With this win, WOHA becomes the first Singapore firm to receive the award in a stiff competition that, this year, included such projects as Zaha Hadid’s Guangzhou Opera House and Foster + Partners’ Boston Museum of Fine Arts.
Photos by Patrick Bingham-Hall
The Met is a 66-storey residential skyscraper with outdoor spaces, balconies and gardens. With wind speeds at that height being considerable, the building has been designed as a perforated tower with holes that allow air to be drawn up vertical voids in the structure to provide natural ventilation to flats at all levels.
WOHA’s founding director Wong Mun Summ describes the win as “significant”.
“This award recognises our efforts and innovation,” says Wong.
“The rate of urbanisation in Asian cities is alarming and is going to continue for decades to come. The majority of buildings being built in cities are housing and yet many of the residential buildings built are based on the New York/Chicago tower model with maximum floor to surface area. This is particularly not suitable for residential towers in the tropical region. We have been studying and developing solutions and strategies for high-rise high-density solutions that are contextual and humane.”
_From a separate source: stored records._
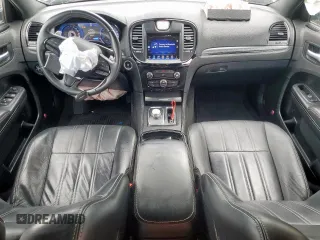 2015 Chrysler 300 S with VIN 2C3CCABGXFH842115, listed as a Copart auction lot 55680645 with 103,448 mi miles and Salvage Title. Bid and sale history available at DreamBid. Image 8.
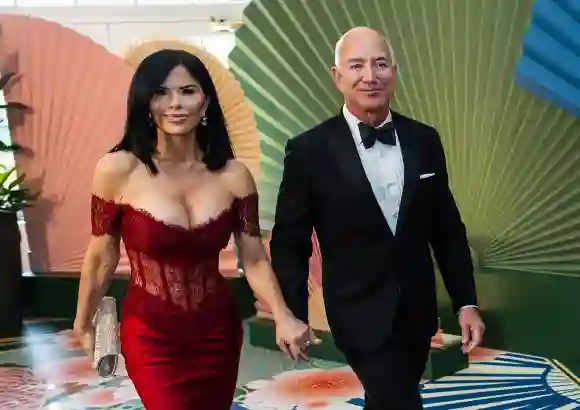 Lauren Sánchez und Jeff Bezos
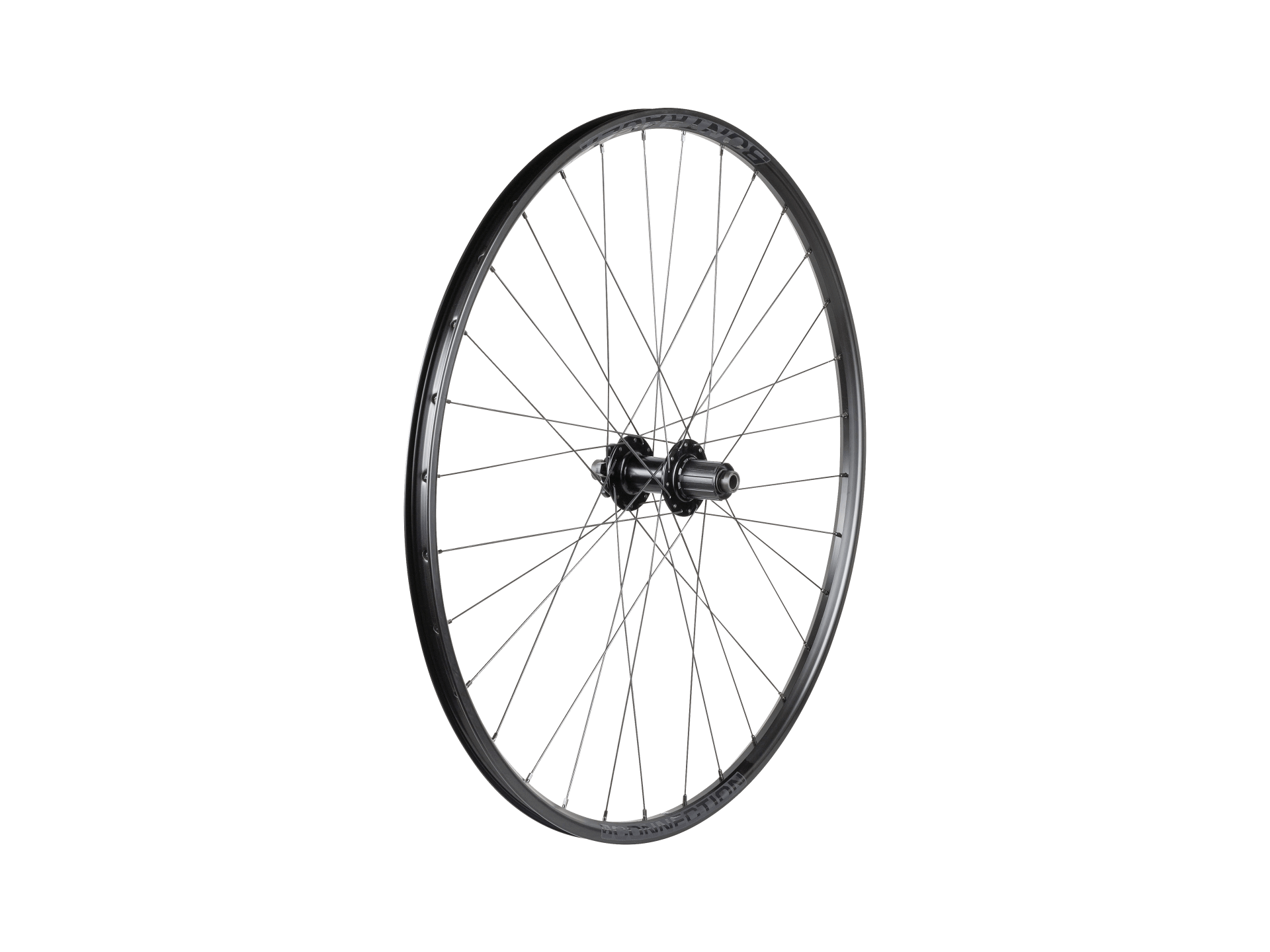 Trek | Roue VTT Bontrager Connection Boost à axe traversant et disque 6 boulons 29 pouces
Wong also gives his thoughts on the challenges and opportunities with this project.
“Tall buildings scale and human scale are vastly different. One of the main challenges of high-rise residential towers is to address the alienation of tall buildings by emphasising on the individual in terms of human scale, choice and comfort, while opening up to the climate, community spaces and nature.
“The Met provided WOHA with the opportunity to investigate the quality of external spaces in high-rise towers. The apartments are houses in the sky with breezeways, full exposure to light and views, outdoor living areas, planters and high-rise gardens, and open-air communal terraces with barbeques, libraries, spas and other facilities.
“Sky terraces, both private and public, link the blocks every 5 storeys, creating dramatic yet human-scaled external spaces. The building is planted on every horizontal surface, including private balconies, creating an almost 100% landscape ratio. Vertical faces are shaded by creeper screens, all apartments are cross ventilated, and all face north and south. The staggered block arrangement gives the apartments light and air on all 4 sides.
“The design makes it possible to live without air-conditioning,” says Wong.
Photo by Kirsten Bucher
WOHA’s upcoming projects include the PARKROYAL hotel development in Singapore, and a high-rise residence in Mumbai. The firm’s much talked about Space Asia Hub for Space Furniture in Singapore has also just opened its doors.